To fully understand why it is necessary to feed a lawn, and when you should, it is helpful to know a little about grasses as plants. All plants use their leaves in the food assimilation process which then keeps them healthy – most of the time – and are able to go through life without too much help or hindrance from human beings.
The lawn in the image, never gets fed - and rarely watered! It is subjected to the public walking over it week in week out!
If you strip the leaves off a perennial plant, they will normally re grow – but a little bit smaller and weaker. If you keep taking the leaves off, the plant will eventually weaken and die. No matter how good the soil below is, if the plant cannot turn soil chemicals into the food that it requires, it will starve.
Leaves are responsible for assimilation of soil chemicals into life-giving nutrients to feed the whole plant. The stem, roots, flower buds and new leaves; all are dependent upon those life-supporting leaves.
As an analogy, if you place a sheet of black plastic over a patch of weeds, they will eventually die – even the roots of stubborn weed plants such as nettles and ground elder. The sheet will stop the sunlight, which the leaves need to carry out their work of photosynthesis; they will firstly turn yellow before dying, along with the rest of the weed plant!
The lawn is made up of thousands of individual plants. It is not a
single entity in itself! If you buy a 'turf' you are purchasing a
patch of lawn which consist of several thousand plants!

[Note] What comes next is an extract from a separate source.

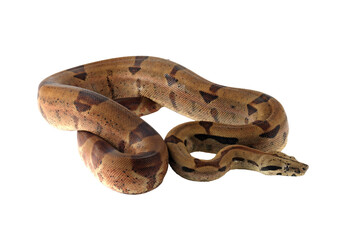Boa constrictor imperator closeup head on isolated background, Boa constrictor imperator snake on...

If you buy a 'turf' you are purchasing a patch of lawn which consist of several thousand plants!
When grasses are used in the lawn, they suffer all manner of abuse from gardeners, who would not dream of treating other plants in the same way! For instance, we do not prune our shrubs every week, nor cut down our perennials or annuals on a regular basis. But, we need to do this with our lawns (grass plants) to keep them tidy, accessible and under control. We do this without too much thought as to what we are doing to them as plants!

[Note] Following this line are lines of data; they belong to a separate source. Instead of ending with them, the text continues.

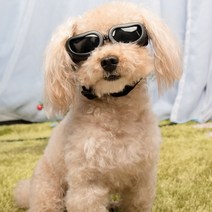 소형 중형 강아지 고글 애견 선글라스 안경 도글스, 4-소중형고글-흰색, 단군쿠팡1 4-소중형고글-흰색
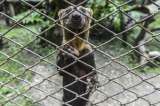 Animales silvestres como mascotas, la amenaza para la fauna en Colombia
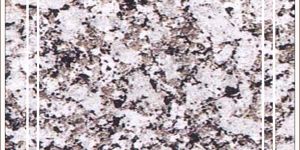 Platinum White Granite Slab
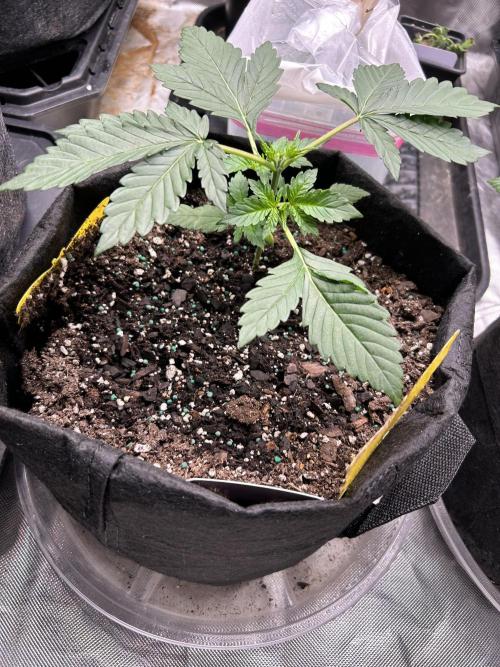 FB Banana Purple Punch 🥊. Week 2 - LST this one 
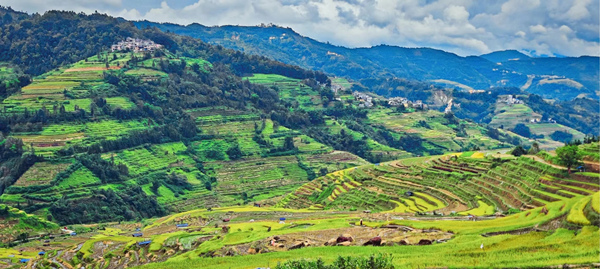 臘姑梯田。重慶大學(xué)供圖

This regular pruning of grasses in the lawn, results in both the food reserves and food-making properties of the foliage being removed from the plants – your lawn grasses!
It is a fact that if you allow your grass to grow a little longer – even with a regular trim – it will normally stay greener, without too much additional help by way of fertilisers. This is because you are then leaving a good percentage of the foliage intact – even if you have clipped its wings a little! It can carry its work – albeit in a reduced manner! So now you will have grass that can take care of its feed requirements in a reasonably normal manner. It will reward you by staying greener – even if not quite the artificial lush green of a fertilised lawns.

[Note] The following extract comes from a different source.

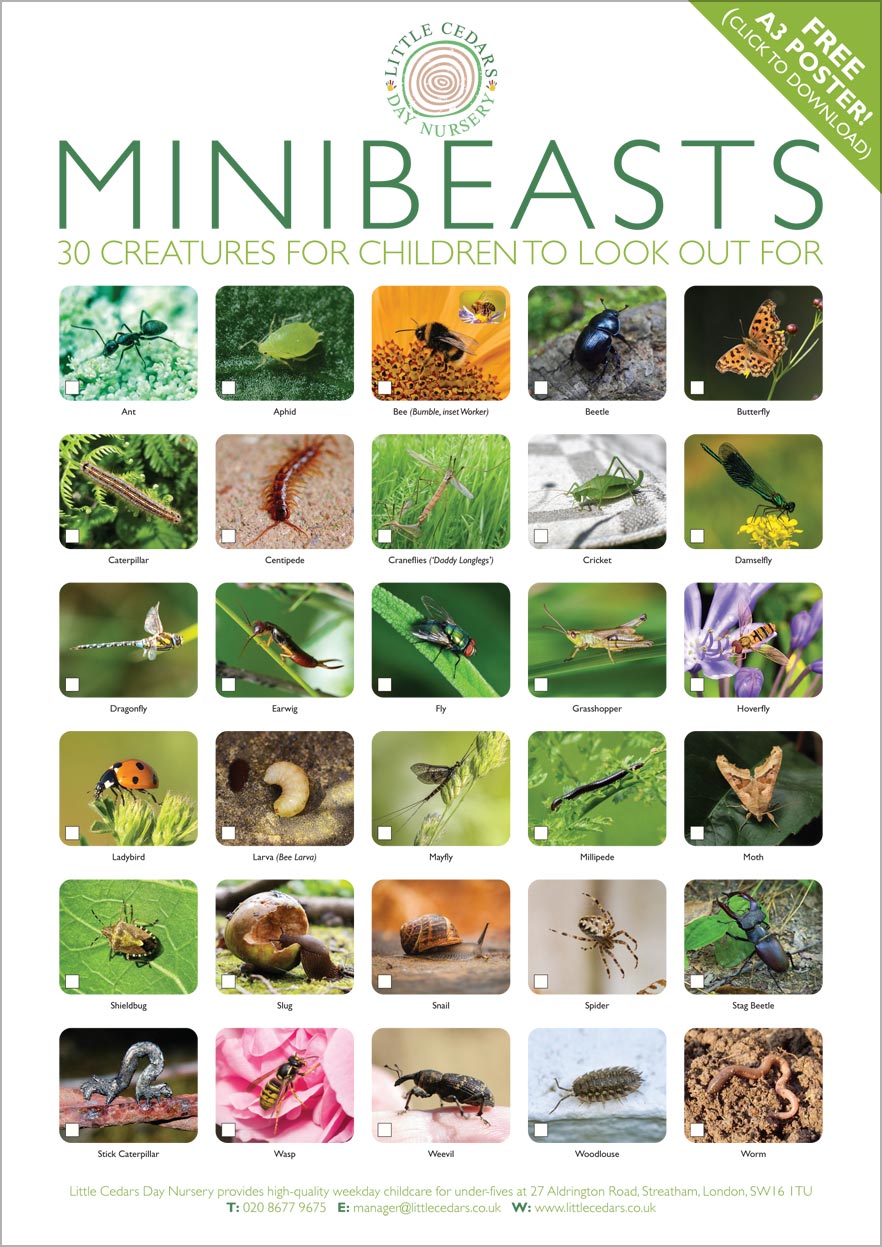 Download our free minibeasts poster for children to find and identify. Download our free minibeasts poster for children to find and identify.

A lawn allowed to grow in this way, will have a much healthier grasses than a lawn of artificially fed grasses with feed which has a high proportion of Nitrogen. The high Nitrogen level is necessary to compensate for the lack of ‘foliage’ which is essential for normal health!
I would argue – with no proof – that allowing the grass plants to grow as normally as possible, will ultimately strengthens them as whole plants. One then has to ponder whether there is a need for supplementary feeding with a high Potash Fertiliser to help the roots get through the winter!
In my days as a public park manager, responsible for a few hundred acres of grass which varied from bowling greens through to housing estate verges, I never recall feeding any grasses other than the well-clipped sports areas. Financial cutbacks meant the end of autumn feed on the sports turf also, but I never saw any evidence of grasses dying through the winter, or even getting a better start to life in the spring!
Yes, lawns require special form of maintenance including aeration in some instances, and top-dressing also. But it is hard to justify the ‘habitual’ feeding regime advocated as being essential. But then I am not in the chemicals industry!